It was definitely a day of some cognitive dissonance. I had to acknowledge to myself that the life I have – with luxuries and opportunities that so many other people on this planet would find unimaginable – is in some part the product of severe injustices committed in the past, injustices whose effects have not been ameliorated but rather compounded over time. But I also pushed that thought out of my mind to focus on the next task I wanted to accomplish. I don’t know if there’s a truly satisfying way to resolve this kind of moral conflict on an individual level. But I’m having a sneaking suspicion that what I have been doing isn’t enough. This is one I’m gonna need to think about some more.

5 Comments

  1. Ping from Pattie Gillett:

    I do like to think that by featuring Mayan cutlure so prominently on Survivor, more people are being exposed to the contributions that the civilization made than would have been otherwise. Yes, it’s chintzy and yes, it’s centuries late but some people are learning something… It’s really no different than when the show feature aborinal culture in the Austrailan Outback season or any of the other 10 seasons, for that matter. It’s difficult not to be bitter, however.
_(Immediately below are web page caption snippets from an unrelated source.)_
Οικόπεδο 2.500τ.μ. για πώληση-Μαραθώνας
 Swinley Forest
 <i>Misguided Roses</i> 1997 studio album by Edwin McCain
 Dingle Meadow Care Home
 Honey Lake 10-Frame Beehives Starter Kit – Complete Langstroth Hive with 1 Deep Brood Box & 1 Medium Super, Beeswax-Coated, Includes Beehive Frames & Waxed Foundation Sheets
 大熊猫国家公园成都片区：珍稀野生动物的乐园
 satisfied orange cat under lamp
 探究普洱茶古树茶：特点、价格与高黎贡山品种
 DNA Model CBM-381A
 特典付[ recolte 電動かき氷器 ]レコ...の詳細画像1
    The problem of mistreatment of native peoples seems almost universal. One need look no further than the opening ceremonies of the last few Olympics in which the host countries trotted out their native peoples for spectacle while glossing overthings like genocide. Ooops.

    Still, being part Mayna myself, it’s does give me some degree of pride to see the show discuss different aspects of Mayna culture week. There has been a great deal of “See! We built pyramids too!!!” going on in my head.

  2. Ping from Earl Green:

    Y’know, I’ve always felt a bit silly that several years of fascination with, and study of, Maori culture basically sprang from hearing snippets of the language spoken in a few songs by a couple of admittedly very white guys from New Zealand. But at the same time, that fascination has led me to assimilate a lot more information about that culture, its history and its decline than I would have otherwise, and I consider that knowledge priceless, if esoteric and not necessarily something applicable to my everyday life. (Hey, wait, that covers most of my knowledge…) But by carrying that knowledge and spreading it to a few other people, I feel I’ve done something to preserve the culture. I’d like to think that negates the triviality of the thing that got me interested in it in the first place.

  3. Ping from Dave Thomer:

    Well, I own a copy of Paul Simon’s Graceland, so I’m never going to knock cross-cultural music. But to me there’s something different about one group of musicians incorporating the work or styles of other musicians. That’s a matter of collaboration between artists. Survivor doesn’t feel like it’s collaborating. It feels like it’s appropriating. It’s not even someone from Guatemala telling this Mayan folk story, it’s Jeff Probst. And I have nothing against Jeff Probst, but in this particular context, it gives me pause.

    I can see how the good outweighs the bad given the realities of the world. But I guess that just makes me think the realities should be different.

  4. Ping from Earl Green:

    So long as it’s handled more sensitively than this, I think we’re within driving distance of good shape.